As a business owner, there are a number of tasks you should outsource. One of those items is writing.
If you aren’t a writer (and sometimes even if you are), it makes sense to hire someone else to produce content for you. This means that there is a good chance that you will work with freelancers.
Finding a good freelancer or team of freelancers can take some time. As a result, it makes sense to try to keep good people when you find them. As a freelancer, I know what it takes to keep me on board. Here are ways you can boost your chances of keeping good freelancers:
1. Pay Them
This is the best way of keeping good freelancers. Since your freelancers are working on a 1099 basis, you don’t have to worry about things like overhead and payroll taxes. That means you might have some wiggle room to pay a little extra for quality work.
Don’t break your budget, but do offer something fair. And make sure you pay promptly. Freelancers appreciate clients who are willing to pay quickly.

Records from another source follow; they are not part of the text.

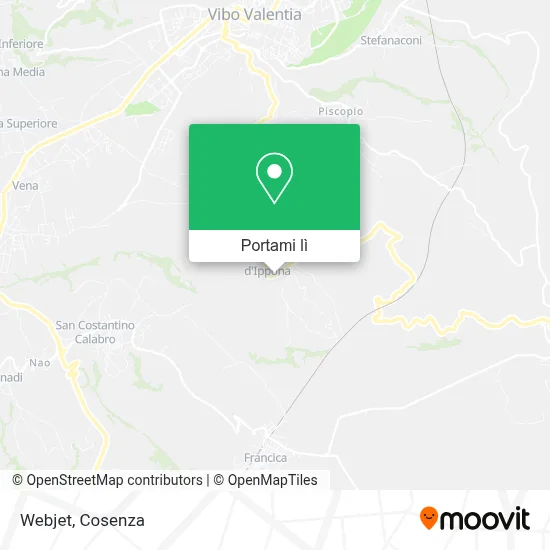 Mappa Webjet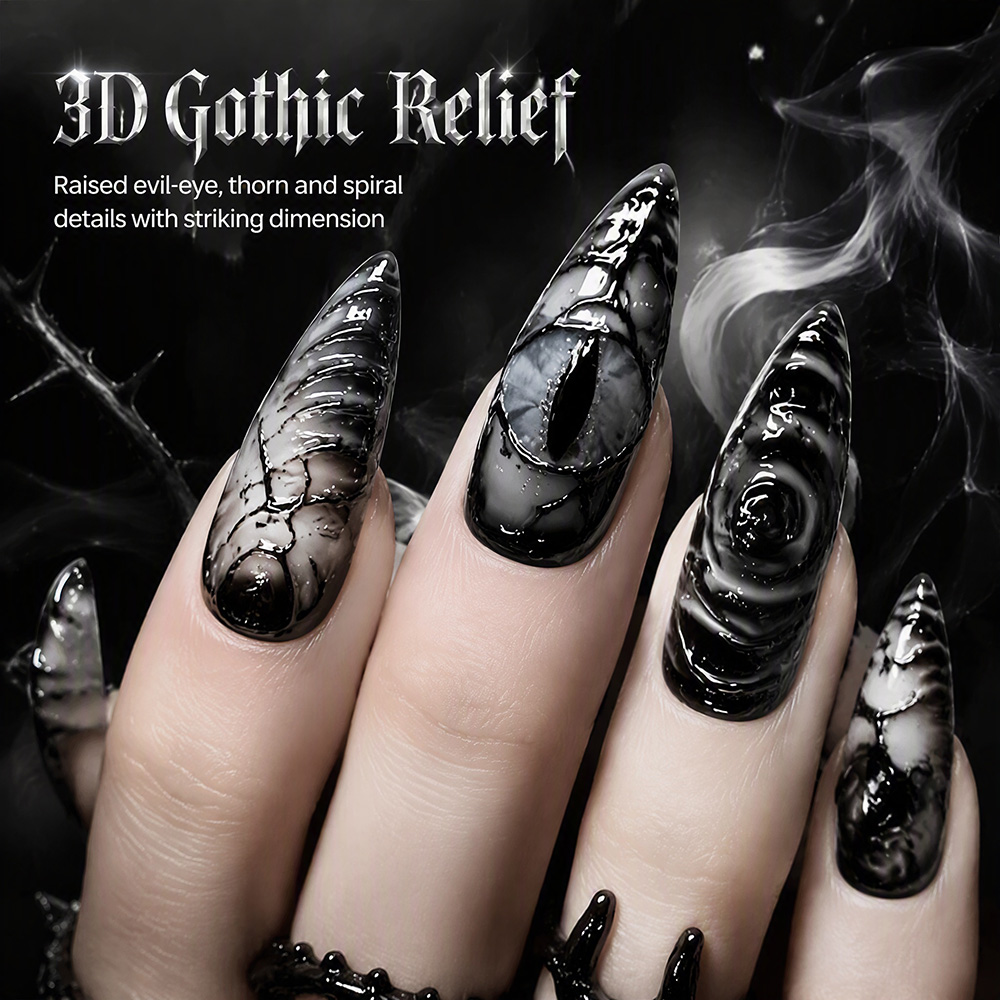 Готические накладные ногти Sti – обзор и цена Nail Art Press On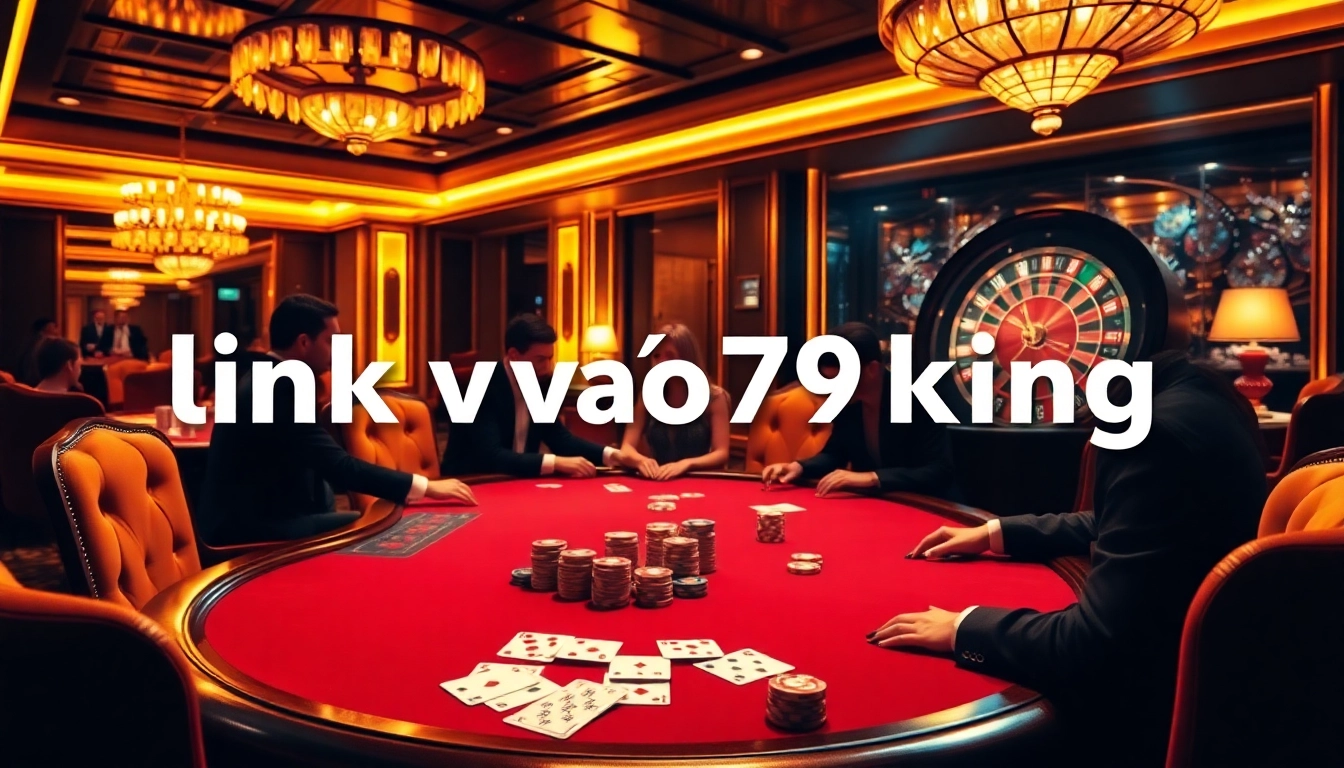 Experience the thrill of high-stakes gambling with link vào 79king at a luxury casino table.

2. Avoid Regularly Short Deadlines
Sometimes things come up and you need content quickly. When you’re in an emergency situation like that, it’s nice to know that you have a freelancer who will come through. However, it’s vital that you don’t regularly ask for things in a panic and on a short deadline. This is a fast way to burnout.
Instead, do your best to plan ahead, creating a content so that freelancers know what’s happening. Ask freelancers up front what kind of lead time they prefer and honor that as much as possible.
3. Don’t Nitpick Just to Nitpick
My biggest pet peeve is the editor who is sure that s/he needs to ask me to change something. Some site managers feel like they aren’t doing their jobs if they aren’t asking a writer to change something. It’s one thing to ask for a major revision. It’s another to send something back for minor changes. My favorite was a client who regularly asked me to “add something about x” when that item was already in the article. It was like the client was asking me to say the same thing harder.
Keeping good freelancers is about understanding that sometimes there will be typos. We aren’t editors, and even though most of us do our best to read through our work and catch errors, there might be mistakes. As an editor, it’s your job to fix those small things and move on.
4. Stop Being Sneaky to Get More Content for Less
Okay, this is actually my biggest pet peeve. I once had a client who didn’t want to pay the fee I charge for articles of 1,000 words. He ordered articles of 500 words to get a lower price. When I turned in the first 500-word article, he asked for more detail in each section.
It was his sneaky way of trying to boost the count to 1,000 words and get more meat. I told him that the level of detail he asked for wasn’t possible in the shorter article, so he’d have to pay if he wanted me to add twice the content. He did, and I refused to take more work from him after that.
5. Be Flexible
The best way of keeping good freelancers, though, is to be flexible. Money isn’t always the reason freelancers stick around. I’ve accepted lower rates when I’m working with someone who is flexible.
If I can work with a client who is pretty easy going, has loose due dates, and lets me do what I want (within reason), I’ll work with that client. Sometimes, it’s more about freedom and flexibility, and fewer revisions, than it is about the money.